Marines


Je vous écris ceci un peu pêle-mêle, un peu au hasard. Rendez-vous compte de l'état de mon esprit dans la solitude splendide où je vis, comme perché à la pointe d'une roche, ayant toutes les grandes écumes des vagues et toutes les grandes nuées du ciel sous ma fenêtre. J'habite dans cet immense rêve de l'océan, je deviens peu à peu un somnambule de la mer, et, devant tous ces prodigieux spectacles et toute cette énorme pensée vivante où je m'abîme, je finis par ne plus être qu'une espèce de témoin de Dieu. C'est de cette éternelle contemplation que je m'éveille pour vous écrire.

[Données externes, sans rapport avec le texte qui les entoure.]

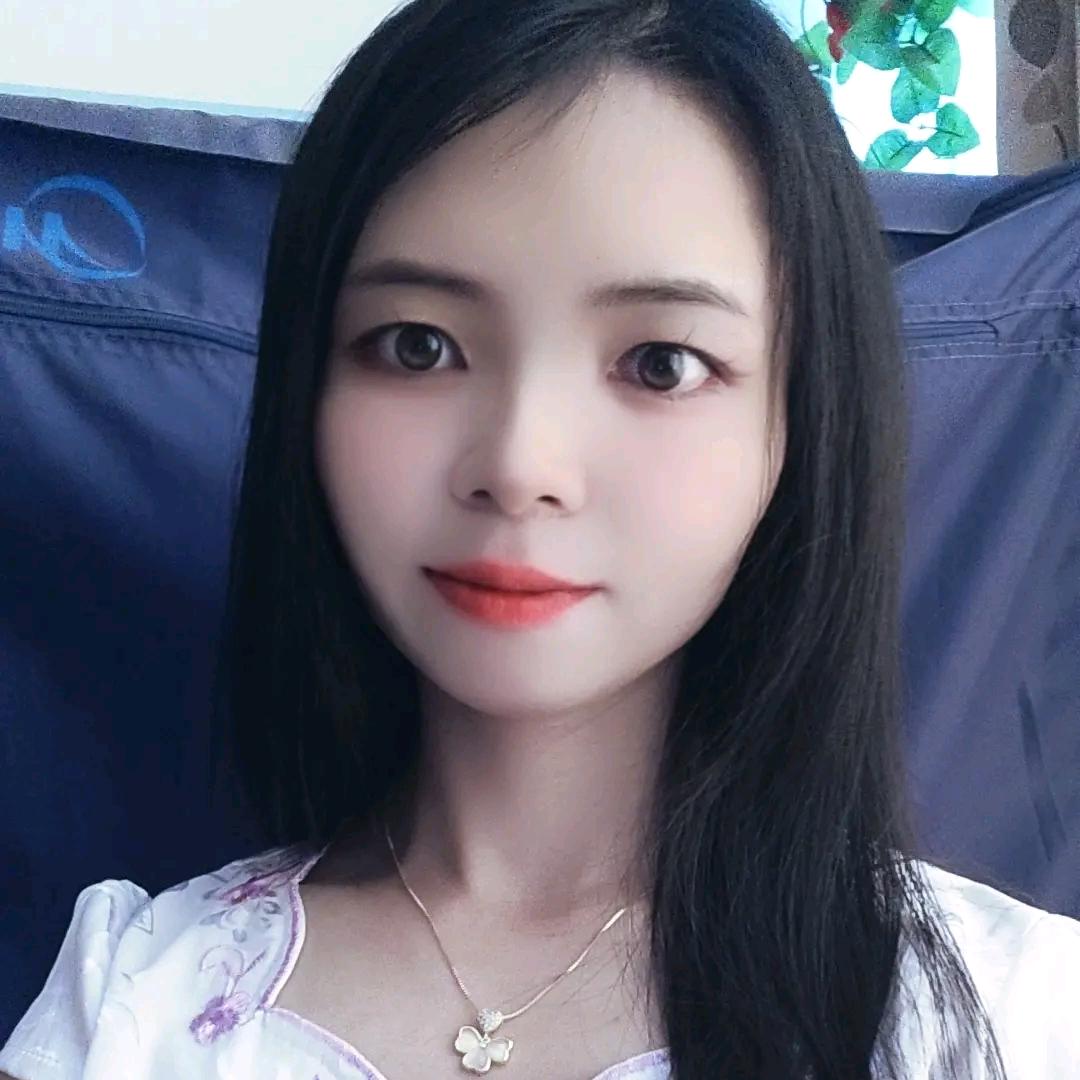 芸汐🌟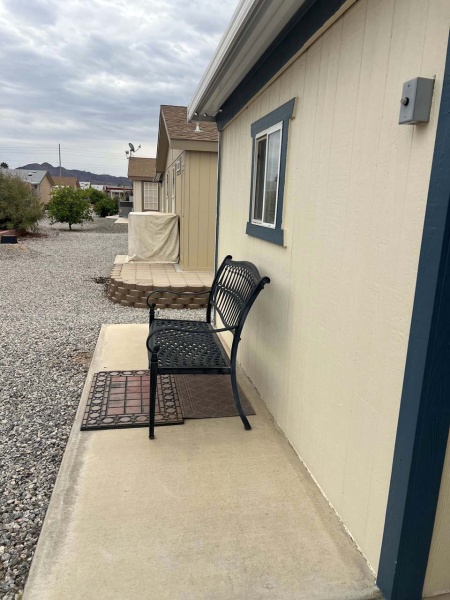 3 Bedrooms Bedrooms, ,2 BathroomsBathrooms,Rancho Rialto Home,For Sale,0,1415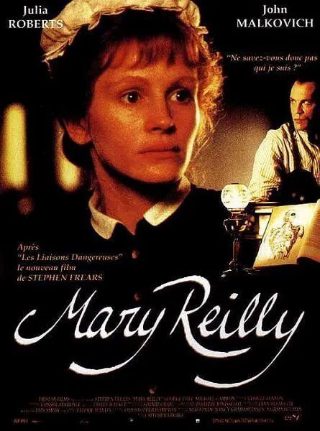 亡者之妻第二季百度云资源下载链接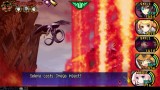 Joc Demon Gaze pentru PS Vita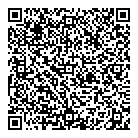 QR код "Title Sport"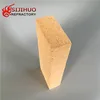 low density fire clay brick refractory brick for sale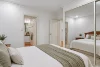 405/2 St Georges Terrace, Perth, WA 6000-Image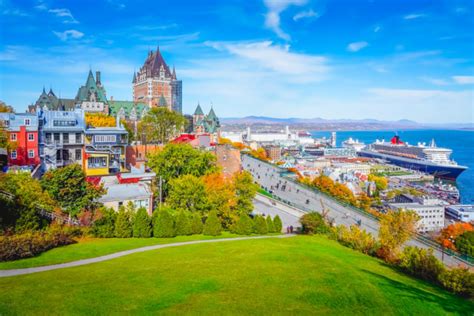 The 20 Cheapest Places To Live In Canada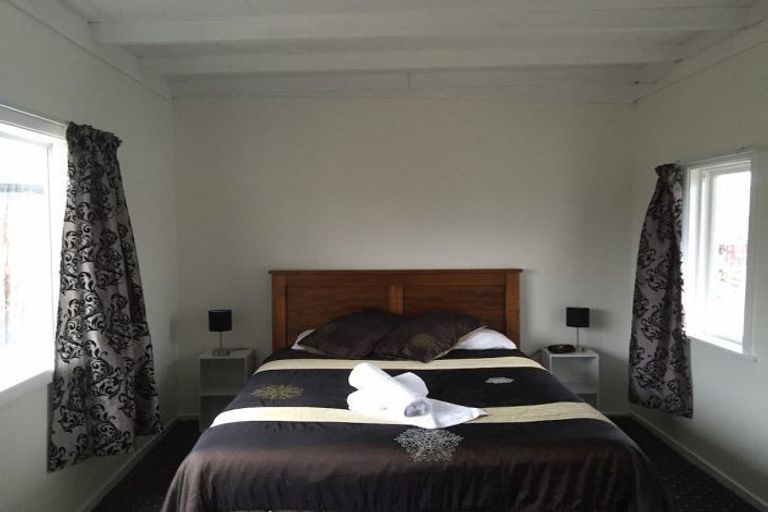 Photo of property in 113 Upper Kokatahi Road, Kokatahi, Hokitika, 7881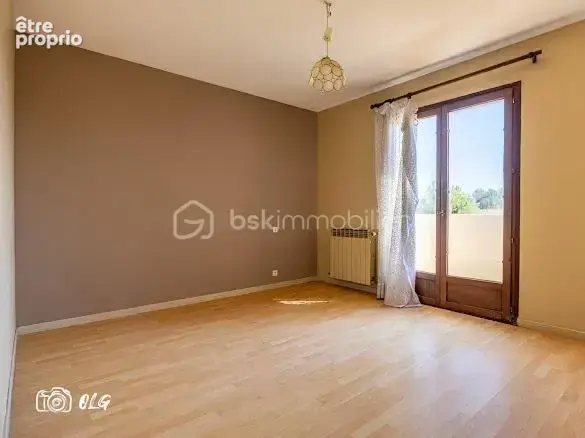 Belle villa de caractère en plein centre-ville de Juvignac - photo 11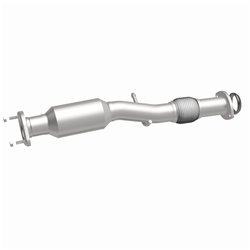MagnaFlow 2017-2022 Toyota Highlander Convertisseur Catalytique Ajustement Direct Norme Fédérale / EPA OEM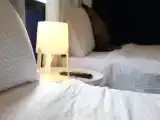 Четырёхместный номер Superior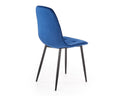 Silla Sidillus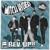 Takin' All I Can Get - Mitch Ryder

Lettre à Franz Stevens, 10 avril 1856
   


   
 

Le ciel et la mer, indéterminés et chaotiques, où les lignes et les couleurs s'effacent sous les mouvements des vents et des vagues, sont un spectacle dont Victor Hugo ne se lasse pas. Tout comme les cieux tourmentés, le flux incessant de l'écume, les cimes nébuleuses de montagnes embrumées, le spectacle de l'infini est une source permanente d'inspiration.

 

 

Un source d'inspiration


Dès les premiers voyages, le spectacle de la mer fascine Victor Hugo. Mais c'est l'exil à Jersey puis à Guernesey qui va lui procurer sa véritable rencontre avec l'océan. Tempêtes et naufrages, univers sous-marin, rudesse de la vie des gens de mer, mouvement des vagues et leur murmure qui ressemble à des voix : c'est tout cela que contemple le poète. De là naissent poèmes et romans, des "Pauvres gens" à "Pleine mer" ; de l'univers fantastique des Travailleurs de la mer aux scènes de naufrages dans L'Homme qui rit ou Quatrevingt-treize, et nombre de dessins : tantôt sombres compositions où ciel, terre et océan s'abolissent dans un noir profond, où brouillards, flocons d'écume sont suggérés par des rehauts de gouache blanche, tantôt lavis d'encre traduisant la transparence de l'océan et la dynamique du vent et des vagues. Après l'exil, la mer reste source d'inspiration : "J'ai eu deux affaires dans ma vie, Paris et l'océan", dira-t-il en 1872.